Spannende Wahlen in Taiwan

In Taiwan finden mit Spannung erwartete Wahlen statt, die über den weiteren politischen Kurs des Inselstaates entscheiden werden. Meinungsumfragen sagen schwere Verluste für die regierende Kuomintang-Partei voraus, die zuletzt auf engere Beziehungen zu Festlandchina gesetzt hat. Einen möglichen Machtwechsel in Taiwan sieht Peking besorgt entgegen.

Morgenjournal, 16.1.2016

Angst vor Verlust der Eigenständigkeit

In den letzten Jahren hat sich in Taiwan ein lebendiges Mehrparteiensystem entwickelt. Für 19 Millionen Wahlberechtigte sind die Wahllokale seit den frühen Morgenstunden geöffnet. Im vorangegangenen harten Wahlkampf ist die regierende Kuomintang in die Defensive geraten.

Die einstige Staatspartei, mit der sich Tschiang Kai Schek nach der Niederlage gegen Maos Kommunisten nach Taiwan zurückgezogen hat, hat an der Regierung die wirtschaftliche Verflechtung Taiwans mit dem modernen China von heute erfolgreich vorangetrieben. Die enge Verbindung löst jetzt jedoch massive Ängste vor einem Verlust der Eigenständigkeit aus.

Tsai Ing-wen geht als Favoritin in die Wahl

Favoritin für das Präsidentenamt ist Oppositionskandidatin Tsai Ing-wen, die wenig Freunde in Peking hat. Als Präsidentin will sie die Eigenständigkeit Taiwans gegenüber dem übermächtigen Nachbarn stärken. Kuomintang-Spitzenkandidat Eric Chu pocht dagegen auf Kontinuität in den Beziehungen mit China.

Trotz großer Profite taiwanesischer Firmen auf dem Festland kommt Taiwans Wirtschaft selbst nicht vom Fleck. Das verlangsamte Wachstum in China drückt zusätzlich auf die Stimmung. Große Teile der Jugend verlangen die formelle Unabhängigkeitserklärung für Taiwan - für Peking wäre das eine Provokation. Die Wiedervereinigung mit der Insel, wenn nötig auch mit Waffengewalt, ist ein offizielles Ziel der chinesischen Außenpolitik.
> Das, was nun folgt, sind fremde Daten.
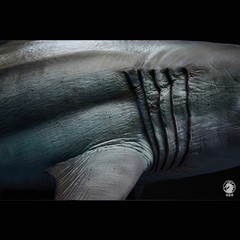 Wanlongtang Megalodon Shark Statue Original Prehistoric Dinosaur Model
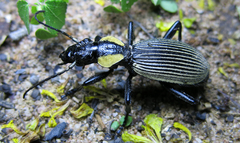 Anthia burchelli burchelli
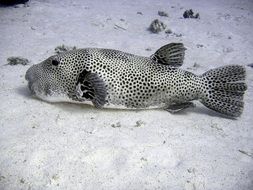 giant puffer fish in water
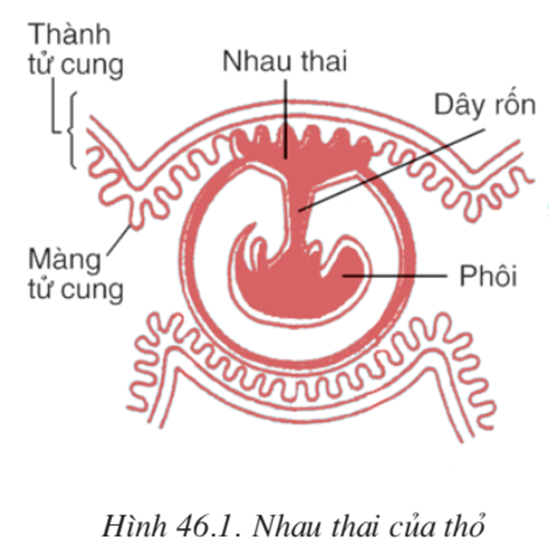 Lý thuyết Sinh học 7 Bài 46: Thỏ hay, ngắn gọn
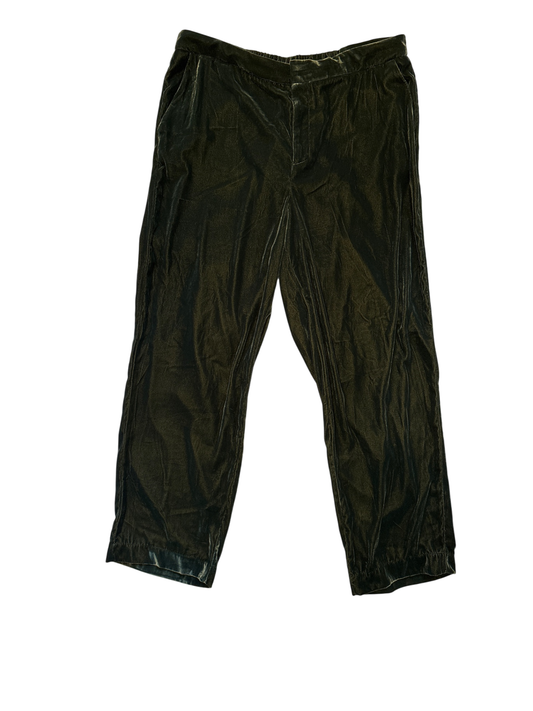 A New Day Velvet Pants in Green - NWT
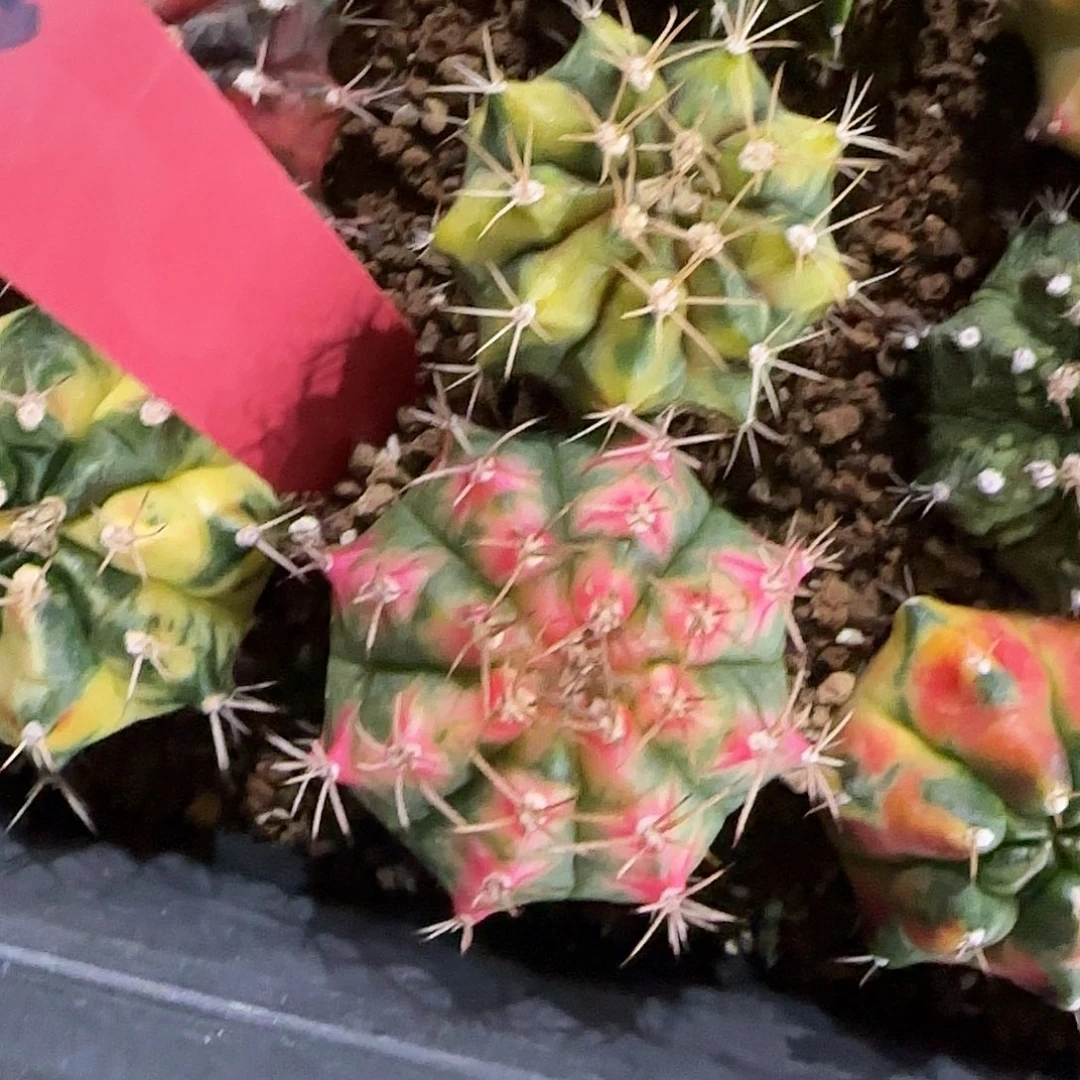 683-0510泰国发货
Rockstar Freddy Lim mischt im Wahlkampf mit

Im Wahlkampf hatte eine neue Partei des Rockstars Freddy Lim große Wellen geschlagen, der sich von China formell lossagen will. Lim, der auch für Amnesty International aktiv war, ist ein rotes Tuch für Peking. "Wir sind mehrmals eingeladen worden in China zu spielen, aber die Konzerte werden immer verboten", erzählt der junge Politstar und Musiker.
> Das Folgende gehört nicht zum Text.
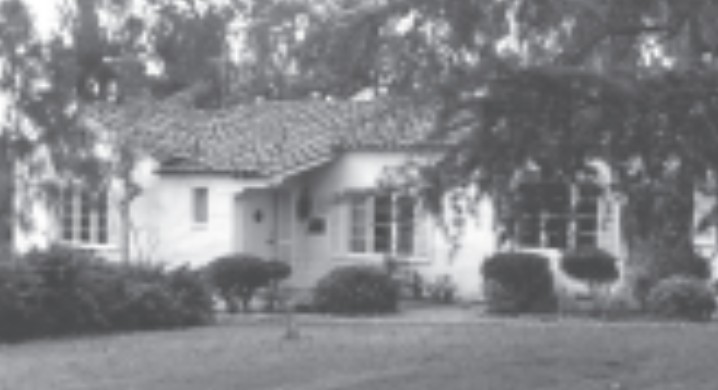 Building, Plant, Window, House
Geworben wurde bis zuletzt für die Parlamentswahlen in Taiwan. Bei der Abschlusskundgebung in Taipeh mit zehntausenden Anhängern demonstrierte die langjährige Regierungspartei, dass sie sich nicht so leicht geschlagen gibt. Eine Mehrheit der auf Distanz zu Peking pochenden Parteien ist aber auch im Parlament nicht ausgeschlossen. Dementsprechend gespannt werden auch im fernen Peking auf die Ergebnisse in diesem für die chinesische politische Kultur einzigartigen freien Wahlvorgang in Taiwan erwartet.